Stephen Choi is the Murray and Kathleen Bring Professor of Law at NYU Law School; Jessica M. Erickson is Professor of Law at the University of Richmond School of Law; and Adam C. Pritchard is the Frances and George Skestos Professor of Law at University of Michigan Law School. This post is based on their recent paper.
The Private Securities Litigation Reform Act (PSLRA) revolutionized the competitive landscape for plaintiffs’ attorneys in securities class actions. By creating a presumption that the lead plaintiff will be the shareholder or group of shareholders with the largest financial interest, the PSLRA gives law firms a strong incentive to form coalitions of shareholders to aggregate losses.

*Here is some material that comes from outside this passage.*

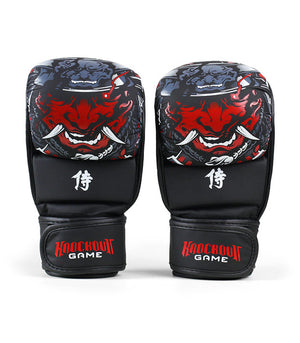 Ground Game Manusi MMA Sparring GROUND GAME Samurai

These coalitions often involve multiple law firms sharing the lead counsel role. In our paper Coalitions among Plaintiffs’ Attorneys in Securities Class Actions, we examine this coalition building among law firms to determine when law firms join together to serve as co-lead counsel.

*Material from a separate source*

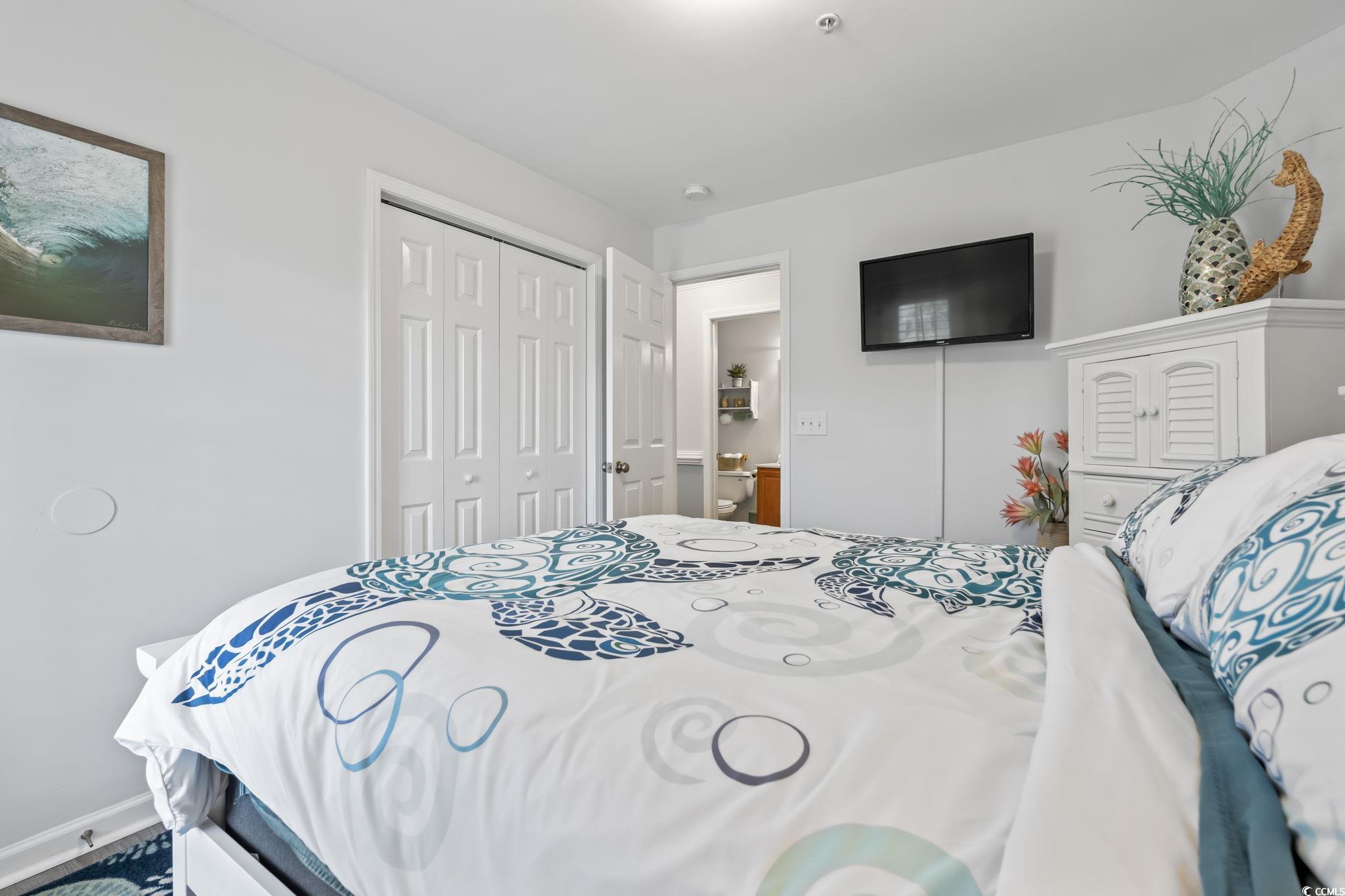 115 Veranda Way, Unit 6C Murrells Inlet, SC 29576 - Photo 15 of 40 Gallery Image 15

To examine this question, we collected data from lead plaintiff motions and rulings available on Bloomberg Law for every federal securities class action involving a disclosure claim from 2005 to 2016. We collected the names of the proposed lead plaintiff(s) for each initial motion, whether the plaintiffs were institutional investors, their claimed losses, and the law firm(s) filing the motion. We also collected data on the allegations in the final consolidated complaint, potentially dispositive motions, and the resolution of each case. In every case that ended with a settlement, we collected data regarding the terms of the settlement, the fees requested by lead counsel and awarded by the court, and the hours worked and lodestar data. Finally, we supplemented the litigation data with the defendant corporations’ market capitalization measured on the last day of the class period.